Work instruction - Return each line of the records with nothing changed, pictures excepted.

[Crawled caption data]
================================
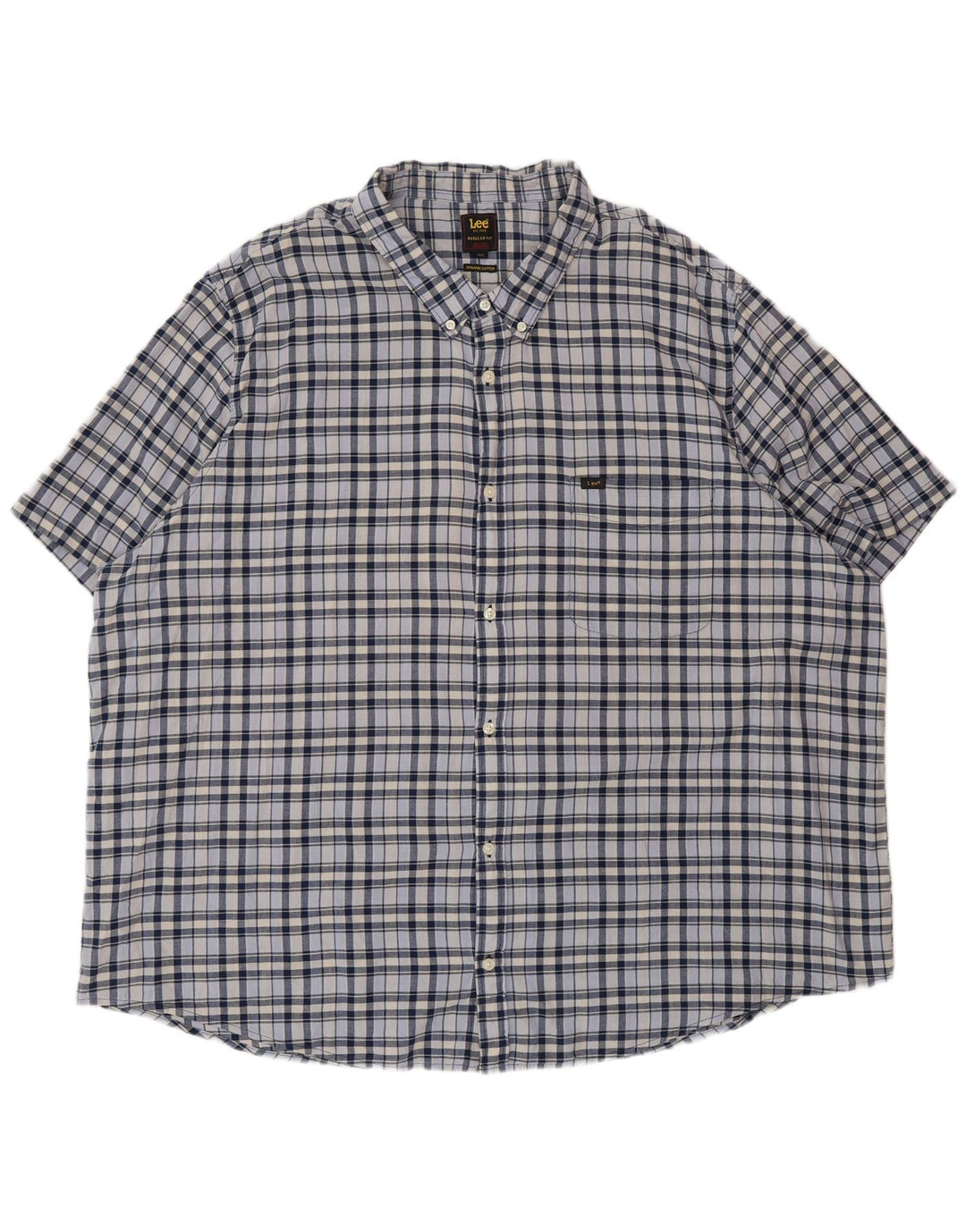 Lee Camisa de Manga Corta Regular Fit para Hombre 5XL Algodón a Cuadros Azul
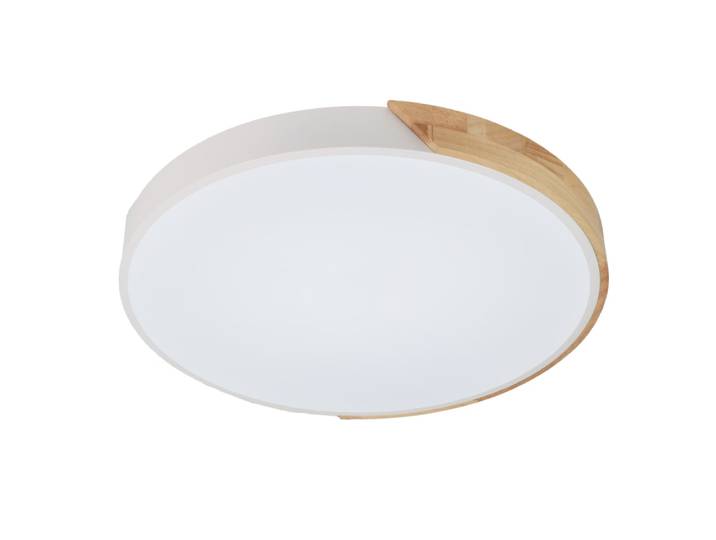 Plafonnier LED 40W CCT métal blanc et bois Ø500 mm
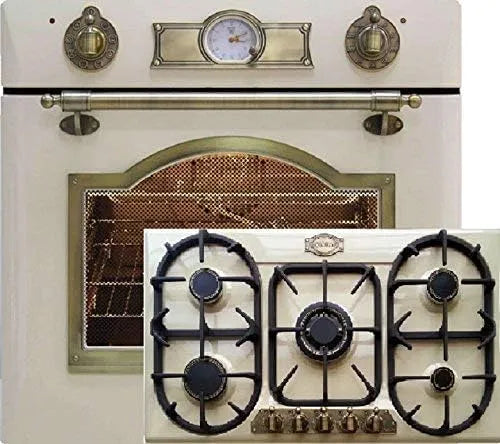Herdset mit Kochfeld und Backofen 90cm., 67 L, Einbau, autark, Grill, Drehspieß, Selbstreinigung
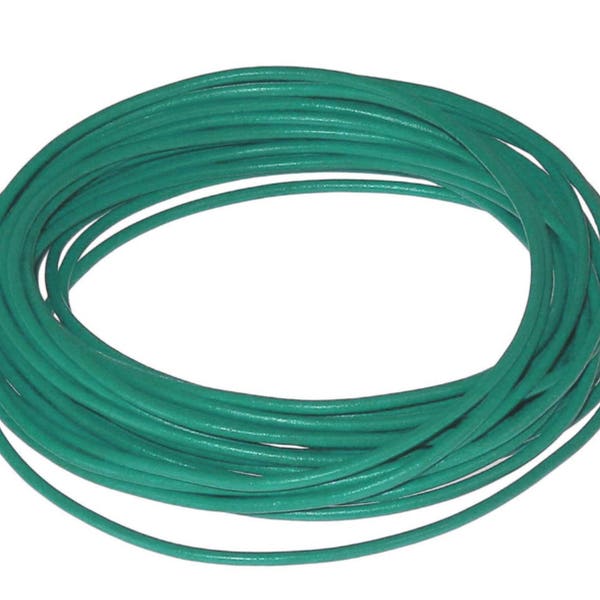 Cord - 25"  - Green Emerald Jade Verdigris Leather - 2mm - Cord for Necklace String Findings or Crafts DIY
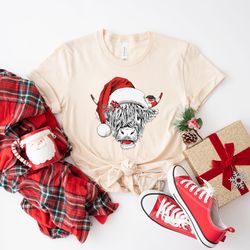cow christmas shirt, merry christmas heifers tee, christmas cow t-shirt, highland cow farm christmas tshirt, farmer cow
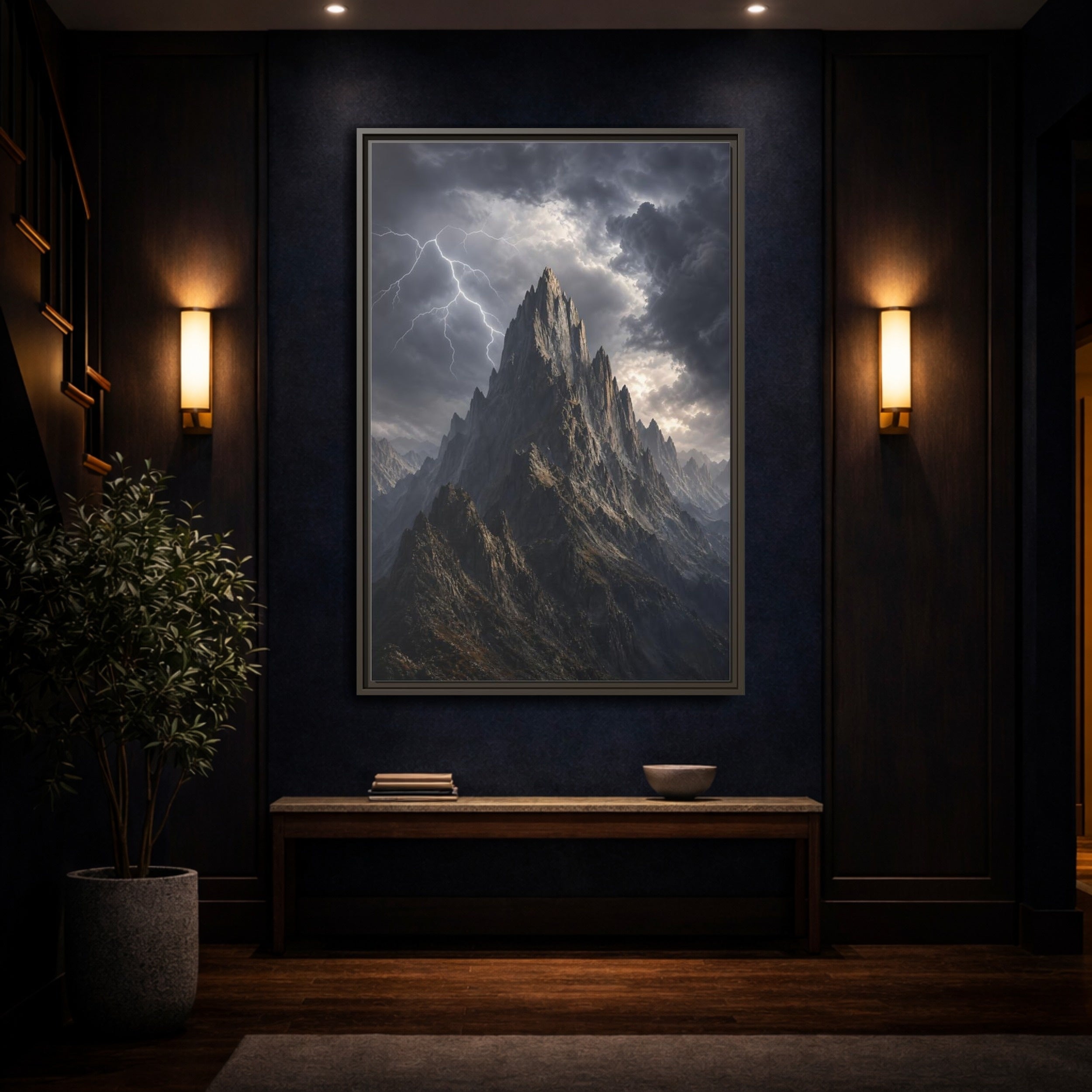 Mockup 4. Nature Jagged Peaks Dark Grey Landscape shown as stretched canvas wall art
================================
Solution below -
 Lee Camisa de Manga Corta Regular Fit para Hombre 5XL Algodón a Cuadros Azul
 Plafonnier LED 40W CCT métal blanc et bois Ø500 mm
Herdset mit Kochfeld und Backofen 90cm., 67 L, Einbau, autark, Grill, Drehspieß, Selbstreinigung
 Cord - 25"  - Green Emerald Jade Verdigris Leather - 2mm - Cord for Necklace String Findings or Crafts DIY
cow christmas shirt, merry christmas heifers tee, christmas cow t-shirt, highland cow farm christmas tshirt, farmer cow
 Mockup 4. Nature Jagged Peaks Dark Grey Landscape shown as stretched canvas wall art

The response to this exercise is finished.